Held in Blakes brothers shop on Golden Square, Soho, the exhibition comprised 16 works. It was not a critical success: only a single, negative review was published in the press, and the show was very poorly attended, to the artists profound dismay. It proved to be a turning-point in Blakes life, leading him to withdraw yet more fully from the public realm and become even more embittered about the state of the British art world.
The Tate display includes works from the Tate Collection along with important loans from the British Museum, the Victoria and Albert Museum, The Fitzwilliam Museum, and Southampton Art Gallery. The display highlights Blake's distinctive use of watercolour and tempera, which he called 'fresco painting' in imitation of the great painters of the Renaissance. For example, the watercolour The Soldiers Casting Lots for Christ's Garments 1800 is displayed alongside tempera paintings such as Satan Calling up his Legions 1795-1800. The display also includes a number of related works by Blake, and more conventional paintings in oil colours and watercolour exhibited in other exhibitions in London in 1809 - including pictures by JMW Turner.
Blakes Descriptive Catalogue (1809) is one of the most sustained and lucid commentaries on his aspirations as an artist, his symbolism, and on art and the art world. Tate Publishing published a new edition of this important work, which is available to the general reader for the first time this key text by one of the best-loved and most intensively studied of British artists. Significantly, this incorporates full-colour illustrations of the works surviving from the original exhibition now to be seen alongside Blake's text.
In this catalogue Blake directly addresses widely relevant questions about art history and aesthetic value, technique and commerce in art, displaying ferocious wit, insight and an extraordinary sense of creative ambition. The Descriptive Catalogue is perhaps one of the most overlooked of Blakes writings.

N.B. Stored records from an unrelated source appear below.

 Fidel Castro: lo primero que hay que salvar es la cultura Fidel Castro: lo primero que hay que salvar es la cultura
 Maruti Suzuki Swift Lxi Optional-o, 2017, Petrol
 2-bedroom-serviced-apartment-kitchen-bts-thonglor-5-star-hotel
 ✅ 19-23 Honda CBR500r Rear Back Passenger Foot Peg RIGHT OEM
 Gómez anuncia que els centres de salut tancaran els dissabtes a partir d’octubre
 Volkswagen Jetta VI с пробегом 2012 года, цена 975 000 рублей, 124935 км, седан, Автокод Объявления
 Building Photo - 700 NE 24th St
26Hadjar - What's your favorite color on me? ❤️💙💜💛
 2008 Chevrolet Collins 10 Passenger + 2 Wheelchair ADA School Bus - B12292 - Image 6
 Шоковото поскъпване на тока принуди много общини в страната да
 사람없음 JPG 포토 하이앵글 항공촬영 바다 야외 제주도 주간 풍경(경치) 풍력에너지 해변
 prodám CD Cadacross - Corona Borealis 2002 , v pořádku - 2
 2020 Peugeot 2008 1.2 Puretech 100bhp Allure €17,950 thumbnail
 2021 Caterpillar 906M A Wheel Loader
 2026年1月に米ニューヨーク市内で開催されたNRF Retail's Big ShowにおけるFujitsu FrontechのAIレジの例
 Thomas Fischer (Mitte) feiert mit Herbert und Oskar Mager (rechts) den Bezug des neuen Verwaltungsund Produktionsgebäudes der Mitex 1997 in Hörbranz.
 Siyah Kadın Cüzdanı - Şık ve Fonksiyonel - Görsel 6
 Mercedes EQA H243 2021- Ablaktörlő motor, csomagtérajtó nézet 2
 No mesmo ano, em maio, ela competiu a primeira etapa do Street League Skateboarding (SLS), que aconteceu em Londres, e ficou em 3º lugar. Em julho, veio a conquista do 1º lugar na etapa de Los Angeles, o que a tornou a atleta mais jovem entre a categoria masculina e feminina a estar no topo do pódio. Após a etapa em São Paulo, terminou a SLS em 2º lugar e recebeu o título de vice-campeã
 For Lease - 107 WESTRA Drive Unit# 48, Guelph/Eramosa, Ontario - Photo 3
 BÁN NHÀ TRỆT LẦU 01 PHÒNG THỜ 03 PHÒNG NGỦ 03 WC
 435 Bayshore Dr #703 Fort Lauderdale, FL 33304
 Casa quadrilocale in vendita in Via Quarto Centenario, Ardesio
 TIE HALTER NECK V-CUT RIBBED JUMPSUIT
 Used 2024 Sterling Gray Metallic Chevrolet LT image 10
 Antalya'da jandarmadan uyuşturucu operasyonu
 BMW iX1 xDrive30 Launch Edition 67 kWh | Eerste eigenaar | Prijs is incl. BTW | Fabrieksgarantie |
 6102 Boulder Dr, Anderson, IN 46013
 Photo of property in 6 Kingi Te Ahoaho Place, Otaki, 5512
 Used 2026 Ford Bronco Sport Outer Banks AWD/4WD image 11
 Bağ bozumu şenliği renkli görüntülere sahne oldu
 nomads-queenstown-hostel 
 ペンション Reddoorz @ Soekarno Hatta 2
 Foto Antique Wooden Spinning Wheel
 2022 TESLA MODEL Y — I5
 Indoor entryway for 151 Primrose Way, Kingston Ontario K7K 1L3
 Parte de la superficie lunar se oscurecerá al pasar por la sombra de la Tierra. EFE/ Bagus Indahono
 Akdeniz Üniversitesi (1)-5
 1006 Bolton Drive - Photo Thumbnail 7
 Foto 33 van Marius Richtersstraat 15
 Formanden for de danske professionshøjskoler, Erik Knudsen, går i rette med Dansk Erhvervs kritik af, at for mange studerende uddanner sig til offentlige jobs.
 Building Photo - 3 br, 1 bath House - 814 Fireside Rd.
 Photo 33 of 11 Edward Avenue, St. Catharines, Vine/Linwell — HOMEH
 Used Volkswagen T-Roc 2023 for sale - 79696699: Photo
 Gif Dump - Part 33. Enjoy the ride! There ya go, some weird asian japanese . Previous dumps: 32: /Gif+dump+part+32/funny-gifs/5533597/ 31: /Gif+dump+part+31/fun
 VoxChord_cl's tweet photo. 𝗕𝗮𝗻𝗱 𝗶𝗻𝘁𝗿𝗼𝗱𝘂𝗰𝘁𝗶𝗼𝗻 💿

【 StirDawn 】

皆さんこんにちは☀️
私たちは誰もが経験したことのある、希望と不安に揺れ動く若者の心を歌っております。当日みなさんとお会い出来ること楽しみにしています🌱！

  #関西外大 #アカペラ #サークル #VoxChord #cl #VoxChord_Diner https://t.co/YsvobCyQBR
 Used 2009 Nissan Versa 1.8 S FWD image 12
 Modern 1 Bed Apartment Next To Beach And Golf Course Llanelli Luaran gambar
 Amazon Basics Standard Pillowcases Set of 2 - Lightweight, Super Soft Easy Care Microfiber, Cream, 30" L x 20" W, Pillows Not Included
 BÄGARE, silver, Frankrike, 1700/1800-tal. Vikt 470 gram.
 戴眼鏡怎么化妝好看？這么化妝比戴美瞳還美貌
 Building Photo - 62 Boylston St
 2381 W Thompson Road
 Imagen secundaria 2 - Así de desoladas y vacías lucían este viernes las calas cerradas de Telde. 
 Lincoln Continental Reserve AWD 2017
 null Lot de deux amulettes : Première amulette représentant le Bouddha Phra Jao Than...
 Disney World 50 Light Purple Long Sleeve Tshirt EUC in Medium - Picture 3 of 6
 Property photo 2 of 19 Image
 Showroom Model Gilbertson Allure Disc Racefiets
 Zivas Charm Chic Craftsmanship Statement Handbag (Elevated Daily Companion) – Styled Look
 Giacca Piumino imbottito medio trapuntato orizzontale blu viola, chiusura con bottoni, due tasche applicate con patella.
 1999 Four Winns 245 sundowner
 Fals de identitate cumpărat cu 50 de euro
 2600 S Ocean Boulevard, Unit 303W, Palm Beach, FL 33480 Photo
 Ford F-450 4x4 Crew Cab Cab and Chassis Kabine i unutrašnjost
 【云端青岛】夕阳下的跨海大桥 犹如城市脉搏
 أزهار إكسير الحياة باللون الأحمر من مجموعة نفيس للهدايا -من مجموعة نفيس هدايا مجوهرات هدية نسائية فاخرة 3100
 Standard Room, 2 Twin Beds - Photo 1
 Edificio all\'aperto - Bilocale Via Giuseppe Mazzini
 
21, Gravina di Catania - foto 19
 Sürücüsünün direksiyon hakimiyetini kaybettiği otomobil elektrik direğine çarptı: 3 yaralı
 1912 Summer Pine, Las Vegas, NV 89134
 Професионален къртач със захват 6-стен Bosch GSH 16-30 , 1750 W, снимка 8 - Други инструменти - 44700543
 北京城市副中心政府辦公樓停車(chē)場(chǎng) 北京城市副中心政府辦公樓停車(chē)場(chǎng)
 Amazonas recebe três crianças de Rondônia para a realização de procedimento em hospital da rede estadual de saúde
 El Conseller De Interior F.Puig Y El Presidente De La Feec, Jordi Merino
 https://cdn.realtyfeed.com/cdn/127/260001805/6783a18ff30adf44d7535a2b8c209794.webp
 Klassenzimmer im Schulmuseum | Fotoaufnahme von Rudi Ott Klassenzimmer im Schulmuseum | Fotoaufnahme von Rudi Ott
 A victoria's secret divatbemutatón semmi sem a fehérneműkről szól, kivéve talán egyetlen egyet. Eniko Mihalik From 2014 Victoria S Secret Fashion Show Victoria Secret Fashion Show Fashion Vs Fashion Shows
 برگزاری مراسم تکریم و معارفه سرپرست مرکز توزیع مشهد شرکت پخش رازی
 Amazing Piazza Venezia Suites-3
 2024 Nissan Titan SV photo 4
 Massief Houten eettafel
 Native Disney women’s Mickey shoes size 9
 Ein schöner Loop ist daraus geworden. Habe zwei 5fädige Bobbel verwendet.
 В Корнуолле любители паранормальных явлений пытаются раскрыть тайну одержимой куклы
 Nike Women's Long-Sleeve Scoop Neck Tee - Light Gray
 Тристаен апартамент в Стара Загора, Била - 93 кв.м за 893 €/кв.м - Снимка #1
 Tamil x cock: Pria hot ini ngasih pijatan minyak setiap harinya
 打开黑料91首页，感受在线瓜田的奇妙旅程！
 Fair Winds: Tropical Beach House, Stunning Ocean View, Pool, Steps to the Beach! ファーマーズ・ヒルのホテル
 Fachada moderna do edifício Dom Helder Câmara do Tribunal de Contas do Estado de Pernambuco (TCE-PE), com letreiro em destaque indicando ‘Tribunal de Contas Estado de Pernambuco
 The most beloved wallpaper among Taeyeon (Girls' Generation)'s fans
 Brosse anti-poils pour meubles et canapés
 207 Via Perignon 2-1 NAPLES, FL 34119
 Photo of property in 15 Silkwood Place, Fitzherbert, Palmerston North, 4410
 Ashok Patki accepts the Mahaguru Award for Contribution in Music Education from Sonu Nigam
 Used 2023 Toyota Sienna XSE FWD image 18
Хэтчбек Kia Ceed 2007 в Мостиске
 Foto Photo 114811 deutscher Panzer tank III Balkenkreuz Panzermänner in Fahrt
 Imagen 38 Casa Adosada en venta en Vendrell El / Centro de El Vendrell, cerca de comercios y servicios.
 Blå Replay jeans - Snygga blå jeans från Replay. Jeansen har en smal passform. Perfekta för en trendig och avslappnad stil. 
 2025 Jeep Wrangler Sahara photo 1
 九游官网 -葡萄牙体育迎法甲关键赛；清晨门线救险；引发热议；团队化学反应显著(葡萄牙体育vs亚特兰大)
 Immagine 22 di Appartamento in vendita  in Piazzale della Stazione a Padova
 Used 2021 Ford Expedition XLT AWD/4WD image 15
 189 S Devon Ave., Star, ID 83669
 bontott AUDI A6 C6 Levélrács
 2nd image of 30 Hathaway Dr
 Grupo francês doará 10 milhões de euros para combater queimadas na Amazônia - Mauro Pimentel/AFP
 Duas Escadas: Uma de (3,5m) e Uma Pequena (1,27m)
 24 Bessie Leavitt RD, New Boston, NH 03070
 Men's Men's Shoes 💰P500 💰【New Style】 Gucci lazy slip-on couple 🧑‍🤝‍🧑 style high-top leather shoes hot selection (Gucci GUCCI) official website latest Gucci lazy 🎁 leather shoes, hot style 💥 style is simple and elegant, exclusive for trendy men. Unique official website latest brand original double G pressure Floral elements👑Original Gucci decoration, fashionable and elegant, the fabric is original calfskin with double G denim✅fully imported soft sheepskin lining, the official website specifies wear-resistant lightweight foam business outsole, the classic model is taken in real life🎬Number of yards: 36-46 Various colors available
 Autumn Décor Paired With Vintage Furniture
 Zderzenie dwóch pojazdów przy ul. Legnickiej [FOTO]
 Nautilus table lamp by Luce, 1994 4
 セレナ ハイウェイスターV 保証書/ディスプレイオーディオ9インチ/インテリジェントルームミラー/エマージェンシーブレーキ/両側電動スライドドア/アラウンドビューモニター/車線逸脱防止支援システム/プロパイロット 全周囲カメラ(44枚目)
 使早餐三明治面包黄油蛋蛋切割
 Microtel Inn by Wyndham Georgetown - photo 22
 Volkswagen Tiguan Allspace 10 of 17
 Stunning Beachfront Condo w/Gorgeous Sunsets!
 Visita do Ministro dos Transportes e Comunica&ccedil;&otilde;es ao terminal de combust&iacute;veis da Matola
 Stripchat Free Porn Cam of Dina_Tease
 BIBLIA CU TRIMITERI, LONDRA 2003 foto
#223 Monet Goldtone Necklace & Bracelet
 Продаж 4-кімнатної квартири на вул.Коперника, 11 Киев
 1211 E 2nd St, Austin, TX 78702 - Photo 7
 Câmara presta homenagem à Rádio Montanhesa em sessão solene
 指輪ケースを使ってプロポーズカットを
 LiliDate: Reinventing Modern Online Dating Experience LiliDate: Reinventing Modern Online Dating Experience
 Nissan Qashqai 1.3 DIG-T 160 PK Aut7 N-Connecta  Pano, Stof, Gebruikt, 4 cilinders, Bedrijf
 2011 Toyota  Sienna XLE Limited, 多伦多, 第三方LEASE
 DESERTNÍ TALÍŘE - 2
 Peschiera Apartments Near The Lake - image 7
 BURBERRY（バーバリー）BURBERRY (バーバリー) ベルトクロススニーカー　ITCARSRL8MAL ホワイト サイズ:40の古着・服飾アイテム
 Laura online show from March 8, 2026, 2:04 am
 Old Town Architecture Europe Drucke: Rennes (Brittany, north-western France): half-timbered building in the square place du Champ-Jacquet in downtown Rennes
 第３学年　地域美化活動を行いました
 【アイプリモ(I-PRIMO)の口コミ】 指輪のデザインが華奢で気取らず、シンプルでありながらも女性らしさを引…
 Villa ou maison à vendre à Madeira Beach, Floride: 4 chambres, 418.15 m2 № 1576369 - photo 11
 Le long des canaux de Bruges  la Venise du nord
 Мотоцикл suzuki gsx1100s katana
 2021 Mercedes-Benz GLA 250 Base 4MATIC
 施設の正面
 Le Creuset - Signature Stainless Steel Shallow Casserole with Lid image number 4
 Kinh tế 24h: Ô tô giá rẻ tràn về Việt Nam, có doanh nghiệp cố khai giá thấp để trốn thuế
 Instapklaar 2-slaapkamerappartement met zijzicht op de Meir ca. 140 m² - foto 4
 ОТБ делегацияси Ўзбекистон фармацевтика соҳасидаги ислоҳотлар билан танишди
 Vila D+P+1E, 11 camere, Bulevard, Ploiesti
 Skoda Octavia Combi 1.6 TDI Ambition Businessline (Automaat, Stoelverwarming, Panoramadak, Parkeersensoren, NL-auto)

William Blake (1757-1827) was a poet, printmaker, visionary and artist whose work was both profoundly personal and universal. Overlooked by many of his contemporaries, Blake was always certain that his achievement as artist, poet, prophet and visionary, would one day be properly recognised and, in the early 1920s, Tate created the first ever gallery devoted to his work. To this day a designated Blake gallery, with regularly changing displays, is a permanent feature at Tate Britain, playing a significant role in shaping the extraordinary public reputation which Blake now enjoys.